CI/CD for Machine Learning

ML CI/CD pipelines automate training, evaluation, and deployment when code or data changes. The pipeline must gate deployment on metric thresholds — only promote a new model if it beats the current production model on the evaluation set. Use GitHub Actions or GitLab CI with DVC for pipeline reproducibility and MLflow for experiment comparison.

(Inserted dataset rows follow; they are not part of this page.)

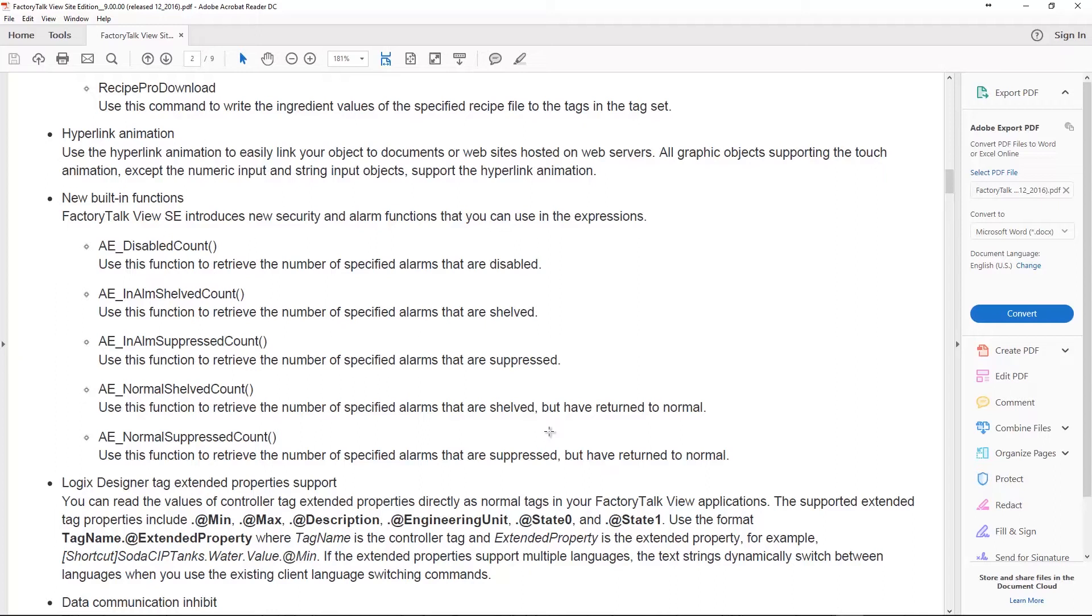In addition to that there's some new built-in functions for FactoryTalk Alarm and Events. Basically these functions give you the current count. That was one of the cool things about the old system tags, it told you how many alarms were suppressed and how many were active. Well they added a bunch more functions just for Alarm and Events including the number of disabled alarms, the number of alarms in alarm but shelved, and the number of in alarm alarms and suppressed, the number of normal alarms shelved and the number of normal alarms suppressed. That was a mouthful but hey, options are great right? And having all these new functions just makes designing graphics that can take advantage of Alarm and Events that much easier.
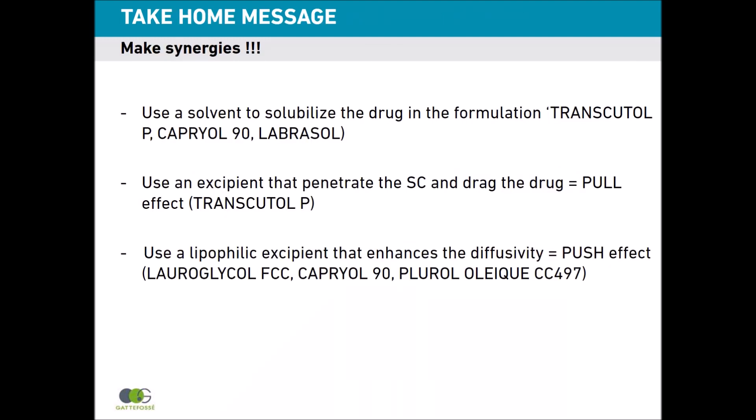To summarize, make synergies: use a solvent to solubilize the drug in the formulation, such as Transcutol P, Capryol 90, or Labrasol; use excipients that penetrate the stratum corneum and drag the drug to create the pull effect, like Transcutol P; and use more lipophilic excipients that enhance diffusivity for the push effect, like Chloroglycol FCC, Capryol 90, or Plurololeic CC-497.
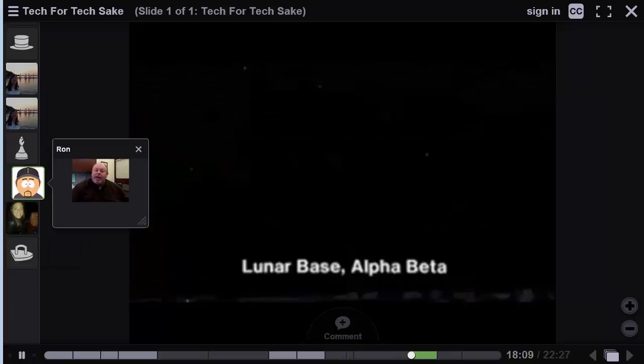Hi. I just wanted to touch base with everyone and thank you for your comments. I thought they were right on point.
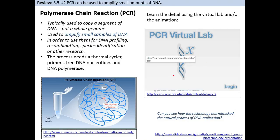That's where this video ends. The next video will cover the polymerase chain reaction. I hope you enjoyed this first video — let me know if there are any problems. Thank you.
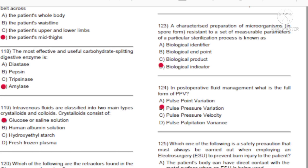Question 123: A characterized preparation of microorganisms in spore form, resistant to a set of measurable parameters of a particular sterilization process, is known as: A) Biological identifier. B) Biological endpoint. C) Biological protect. D) Biological indicator. Answer: D, biological indicator.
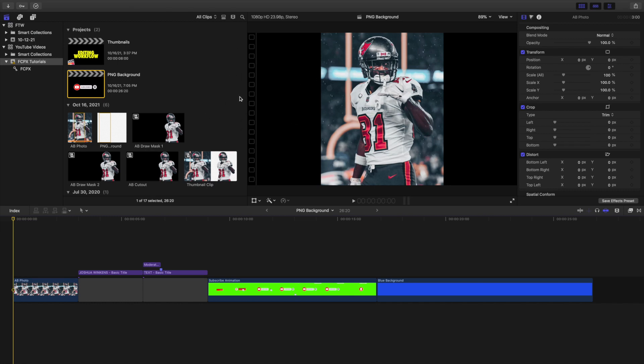Welcome back to another video. In this video I want to go over how to export transparent backgrounds in Final Cut. This could be with videos or with photos — how to export a photo or a video with a transparent background, which is a really neat trick, especially if you like cutting stuff out in Final Cut. You can actually export images with a transparent background.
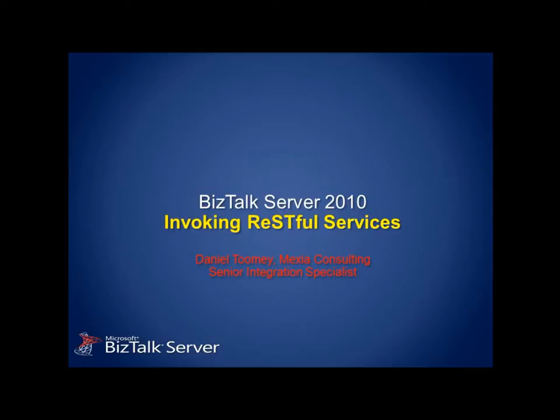Hi, I'm Dan Toomey, an Integration Specialist at Mexica Consulting, and also the leader of the Brisbane BizTalk User Group.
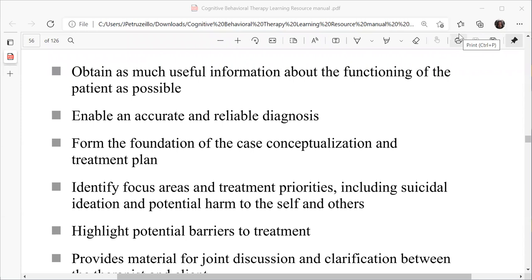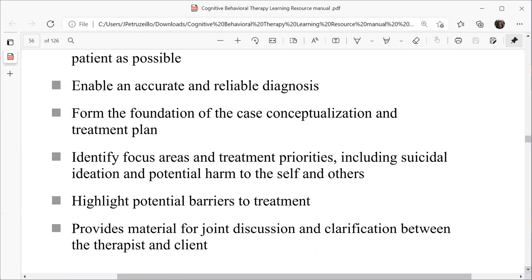In summary, some of the objectives of psychological testing are to obtain as much useful information about the functioning of the patient as possible, enable an accurate and reliable diagnosis, form the foundation of case conceptualisation and treatment plan, identify focus areas and treatment priorities, including suicidal ideation and potential harm to self and others, highlight potential barriers to treatment, and provide material for joint discussion and clarification between the therapist and client.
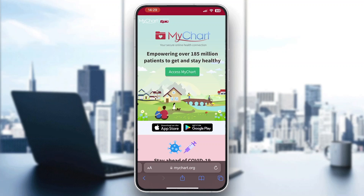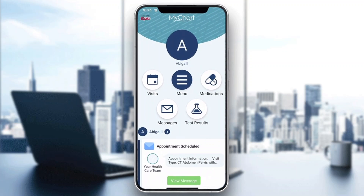Go ahead and open up the application. You want to log into your account. If you do not already have an account, just create one and connect it to your provider, and then you can get started using MyChart.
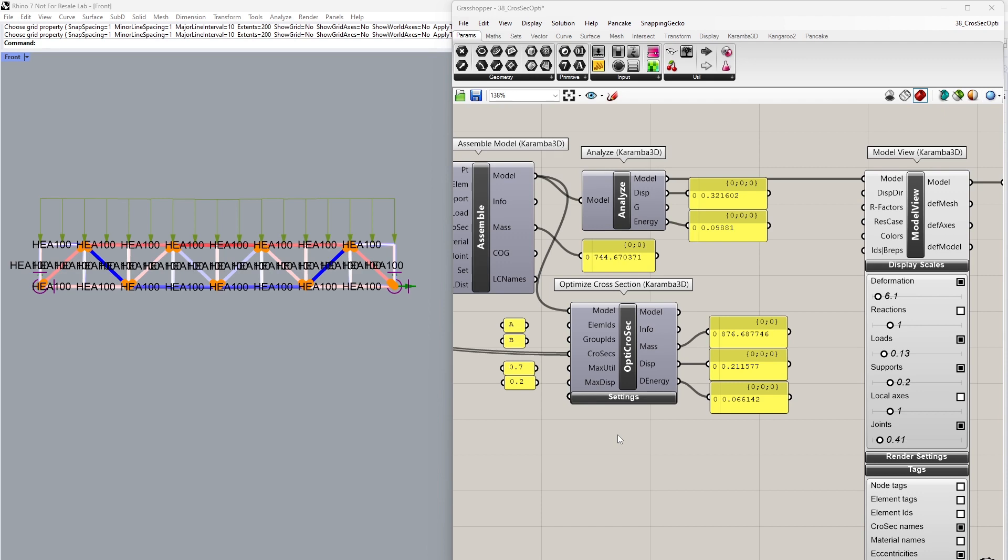This process is repeated until there are no changes in the cross-section sizes, or if the maximum number of design iterations has been reached. In this case, this is five, which is the default number of iterations.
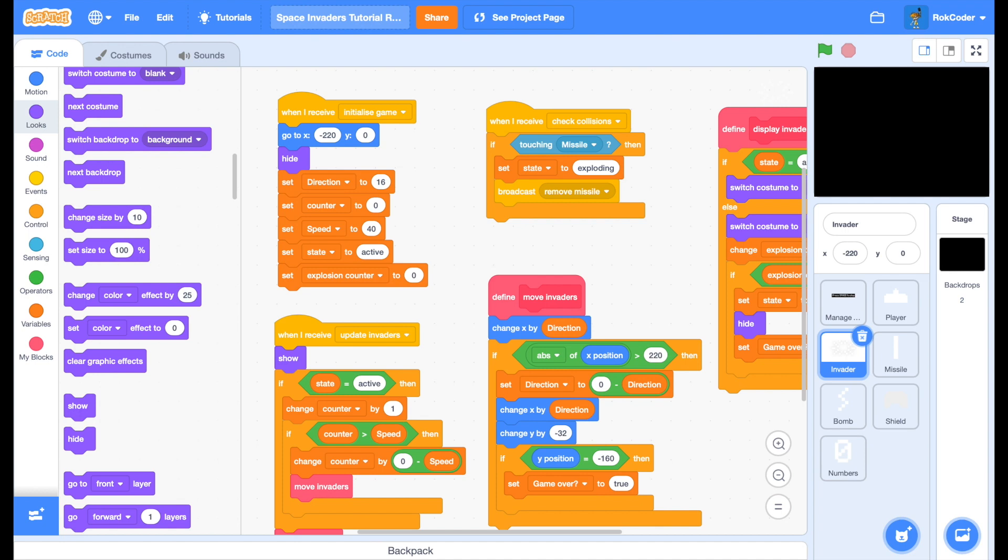Welcome to the fourth part of Rockcoder's Space Invaders tutorial. Up until now we've created a simple game with one Space Invader that moves to the bottom of the screen or can be shot. In this tutorial we're now going to update 40 Invaders at a time so we have a full wave of Invaders on the screen. We're going to do that using clones and lists.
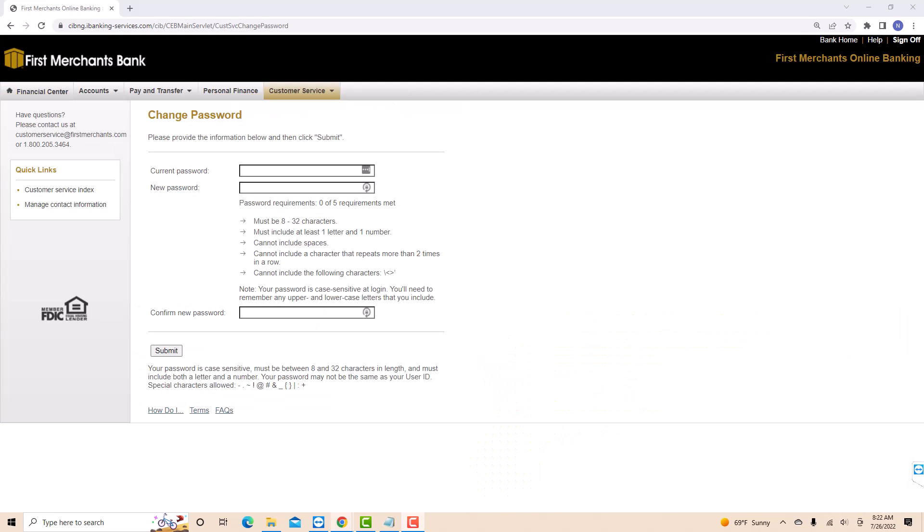Then several fields will appear. On the first field, enter your current password. On the second, enter the new password you wish to use. Then on the third field, confirm your new password.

# .github/workflows/ml-pipeline.yml
name: ML Training and Deployment
on:
  push:
    paths: ["src/**", "data/**", "params.yaml"]

jobs:
  train-and-evaluate:
    runs-on: ubuntu-latest
    steps:
      - uses: actions/checkout@v4

      - name: Set up Python
        uses: actions/setup-python@v5
        with: {python-version: "3.12"}

      - name: Install dependencies
        run: pip install -r requirements.txt

      - name: Pull data with DVC
        env:
          AWS_ACCESS_KEY_ID: ${{ secrets.AWS_KEY }}
          AWS_SECRET_ACCESS_KEY: ${{ secrets.AWS_SECRET }}
        run: dvc pull

      - name: Run training pipeline
        run: dvc repro
        env:
          MLFLOW_TRACKING_URI: ${{ secrets.MLFLOW_URI }}

      - name: Evaluate vs production
        id: eval
        run: |
          NEW_AUC=$(python src/get_metric.py --metric roc_auc --stage latest)
          PROD_AUC=$(python src/get_metric.py --metric roc_auc --stage Production)
          echo "new_auc=$NEW_AUC" >> $GITHUB_OUTPUT
          echo "prod_auc=$PROD_AUC" >> $GITHUB_OUTPUT
          if python -c "exit(0 if $NEW_AUC > $PROD_AUC + 0.005 else 1)"; then
            echo "promote=true" >> $GITHUB_OUTPUT
          fi

      - name: Promote model if better
        if: steps.eval.outputs.promote == 'true'
        run: python src/promote_model.py --stage Production
        env:
          MLFLOW_TRACKING_URI: ${{ secrets.MLFLOW_URI }}

      - name: Deploy updated API
        if: steps.eval.outputs.promote == 'true'
        run: |
          docker build -t cancer-api:${{ github.sha }} .
          docker push registry.example.com/cancer-api:${{ github.sha }}

Key principle: Never deploy a new model automatically without comparing it against the current production model on a held-out evaluation set. A 0.5% AUC improvement threshold prevents unnecessary deployments while ensuring genuine improvements reach production.